■ Exercise details
The material below holds pictures, which are to be left out; copy exactly the lines from the one with "Artisan Hand Painted" through the one with "WO HOME FURNITURE".

■ Information supplied

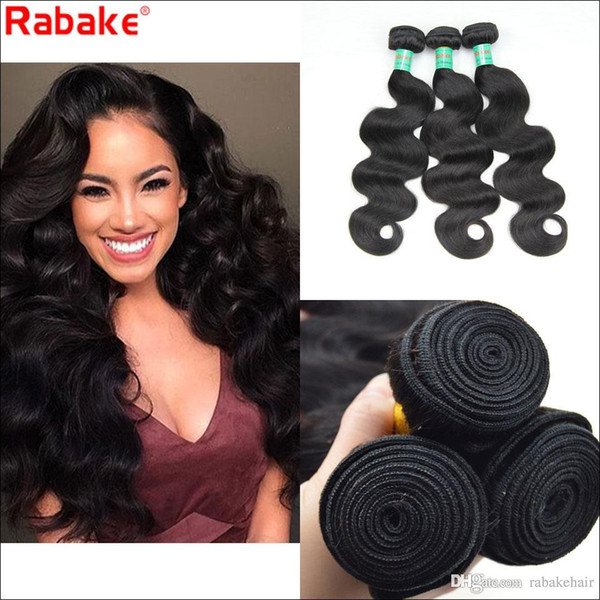 Rabake 8A Malaysian Body Wave Virgin Human Hair Bundles 3 or 4 Brizilian 8-28 inch Natural Black Virgin Hair Weave Extensions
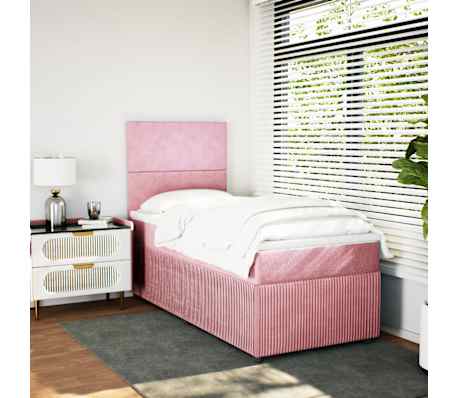 vidaXL &Kappa;&rho;&epsilon;&beta;ά&tau;&iota; Boxspring &mu;&epsilon; &Sigma;&tau;&rho;ώ&mu;&alpha; &Rho;&omicron;&zeta; 90x190 &epsilon;&kappa;. &Beta;&epsilon;&lambda;&omicron;ύ&delta;&iota;&nu;&omicron;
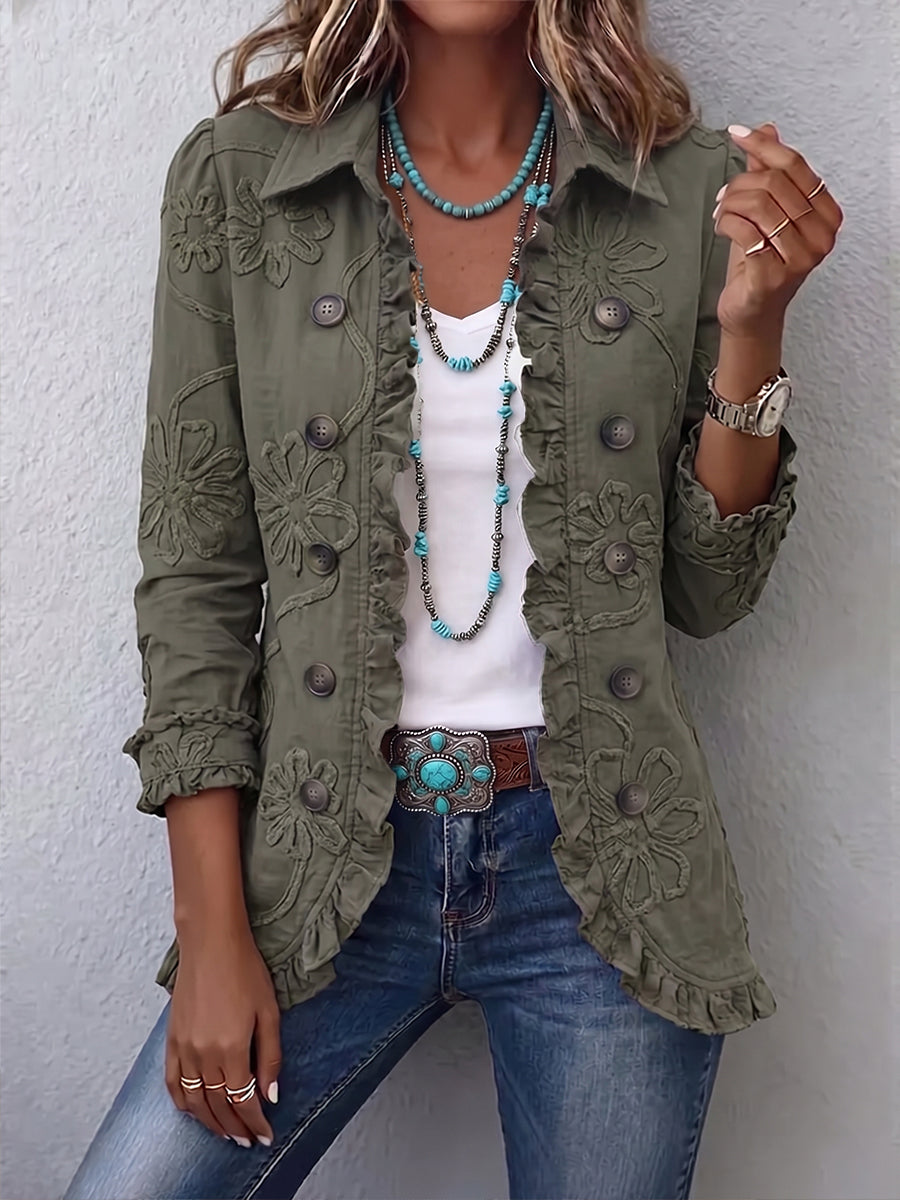 Women's Floral Embroidered Linen-Blend Utility Jacket with Ruffle Trim in Olive Green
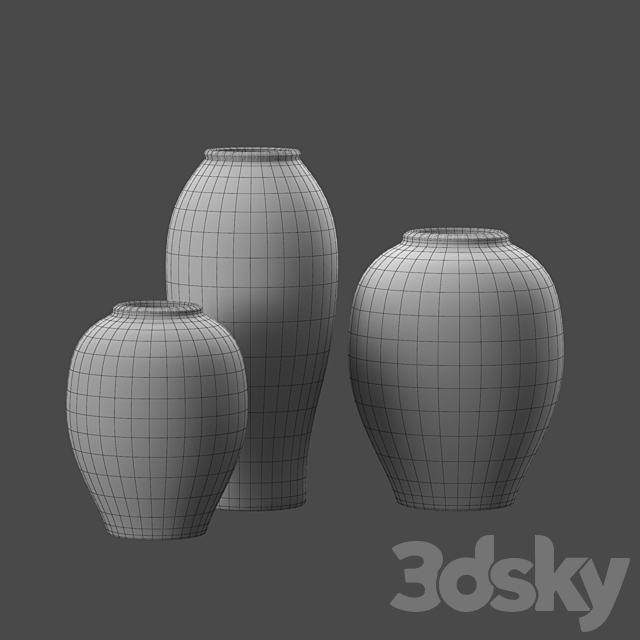 Artisan Hand Painted Terracotta Blue Vases 3DS Max Model - thumbnail 6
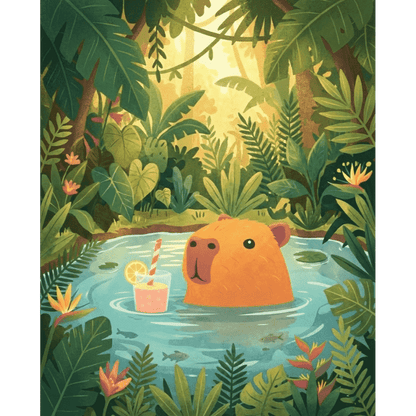 Chilling capybara | Paint by Number- Paint by Numbers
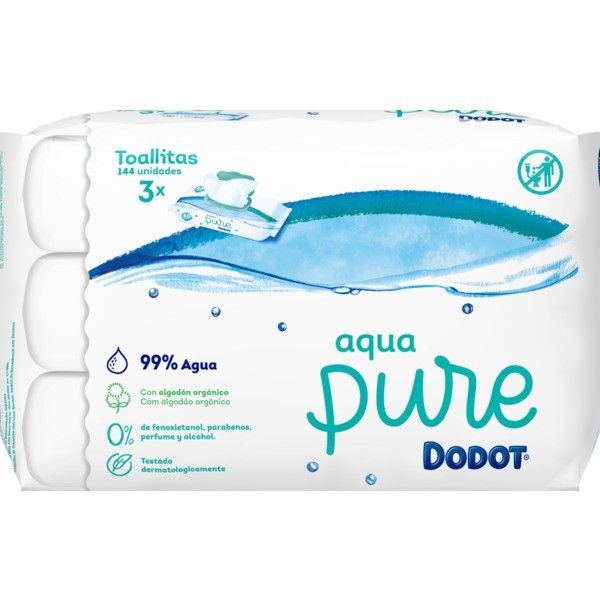 Dodot Aqua Pure Trio Toalhetes recarga 3 x 48 unidades com oferta de 3ª embalagem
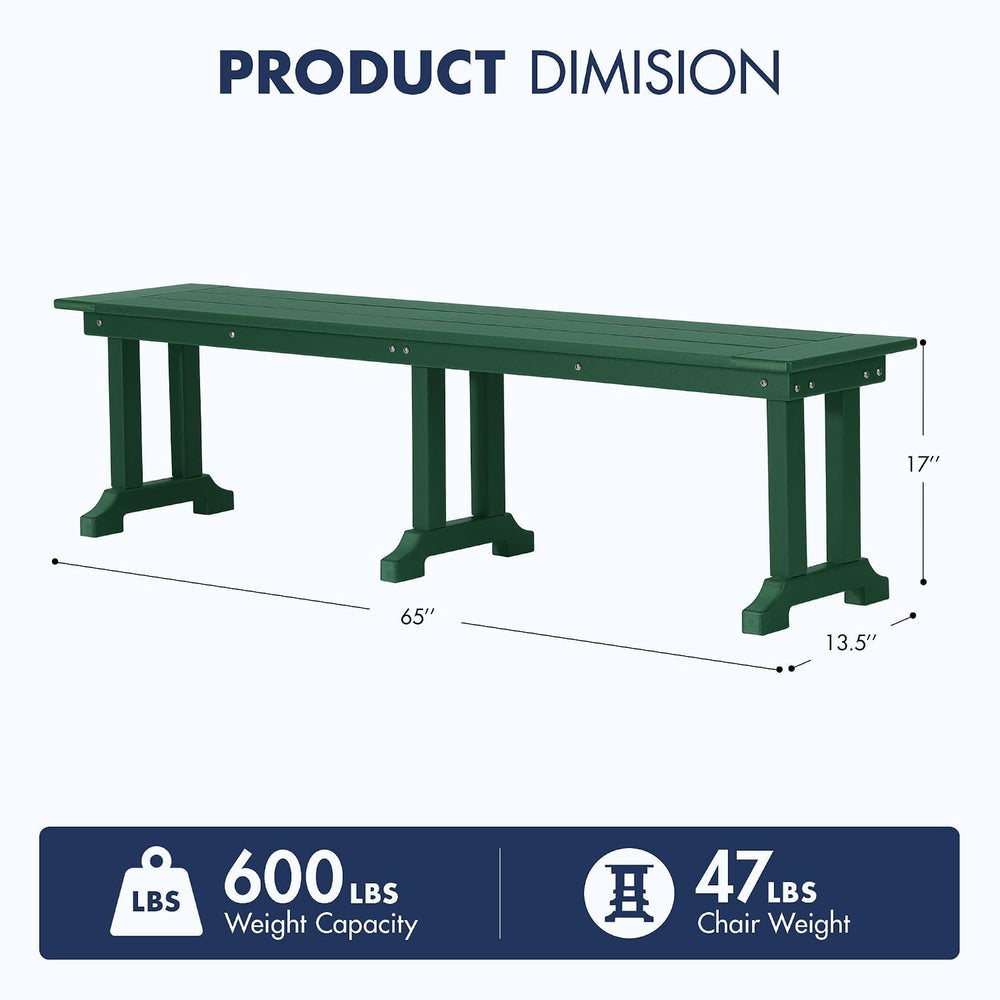 WO HOME FURNITURE 65" HDPE Outdoor Bench, 660 lbs Capacity, Dark Green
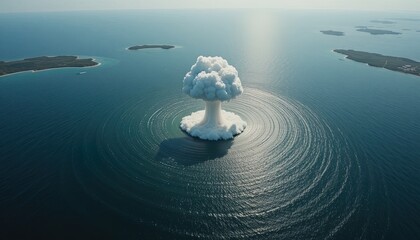 Dramatic aerial view of water impact event showcasing the power and magnitude of nature's force, a striking visual for environmental or disaster themes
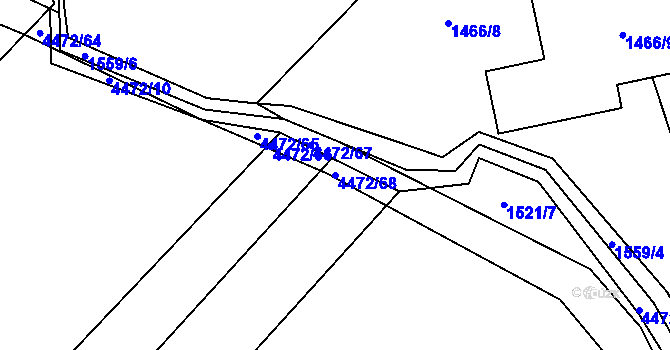 Parcela st. 4472/68 v KÚ Frenštát pod Radhoštěm, Katastrální mapa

■ Solution to the problem
 Artisan Hand Painted Terracotta Blue Vases 3DS Max Model - thumbnail 6
 Chilling capybara | Paint by Number- Paint by Numbers
 Dodot Aqua Pure Trio Toalhetes recarga 3 x 48 unidades com oferta de 3ª embalagem
 WO HOME FURNITURE 65" HDPE Outdoor Bench, 660 lbs Capacity, Dark Green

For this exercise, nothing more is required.